Personnellement, j’ai préféré le second tome de cette série qui se centre davantage sur la préparation d’une intervention du ministre à New York lors d’une réunion de l’ONU (en référence au discours prononcé par Dominique de Villepin à l’ONU en 2003). On y suit les discussions houleuses entre la France et les autres grandes puissances mondiales sur des sujets sensibles tels que la guerre éventuelle en Lousdem, soupçonné de détenir des armes de destructions massives. Les références à l’actualité de ces dernières années sont bien présentes et donnent à cette bande dessinée un caractère vivant intéressant. On y reconnait d’ailleurs plusieurs présidents et secrétaires d’état bien connus, qui s’affrontent à coups de discours tous plus grandiloquents les uns que les autres.

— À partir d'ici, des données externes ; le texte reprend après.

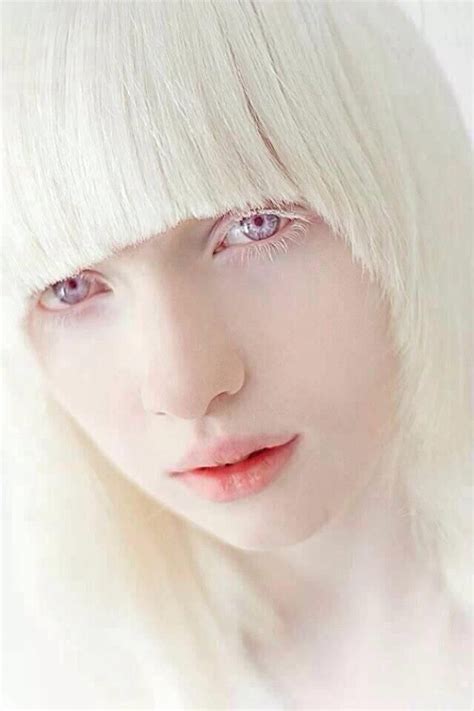 From Russia's 16-year-old suffering from albinism model Nas ... | Augen ...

Quai d’Orsay montre la diplomatie au travail à travers les négociations complexes sur des questions liées à l’OTAN, à l’Europe ou au soutien de la France aux pays africains. J’ai été marquée par le personnage d’Alexandre Taillard de Vorms qui, certes est extrêmement dispersé, mais qui fait montre d’une très grande implication dans l’action politique, défendant sans relâche les intérêts du pays face aux autres puissances. Une bande dessinée qui aborde donc un thème sérieux mais qui fait aussi preuve d’humour notamment lorsqu’il s’agit de montrer les excès de ce ministre hors norme, adepte du Stabillo et d’Héraclite.

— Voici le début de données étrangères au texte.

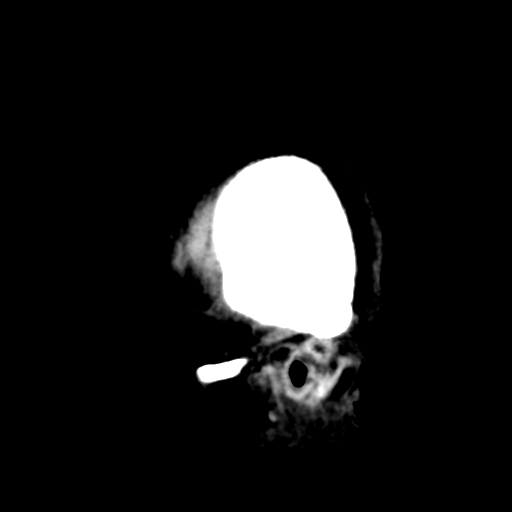 Cerebral metastasis to basal ganglia (Radiopaedia 81568-95412 E 54).png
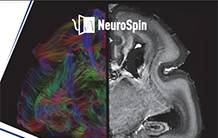 NeuroSpin one-day symposium: Past, present and future of brain imaging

Notons que derrière Abel Lanzac se cache en réalité le diplomate Antonin Baudry, qui s’est inspiré de son expérience au sein du ministère français des affaires étrangères (entre 2002 et 2004) pour réaliser cette bande dessinée très réussie. Quai d’Orsay a également été adapté au cinéma par Bertrand Tavernier en 2003 avec Thierry Lhermitte dans le rôle principal.
Quai d’Orsay – Blain & Lanzac – Editions Dargaud – 2010 (tome 1) et 2011 (tome2)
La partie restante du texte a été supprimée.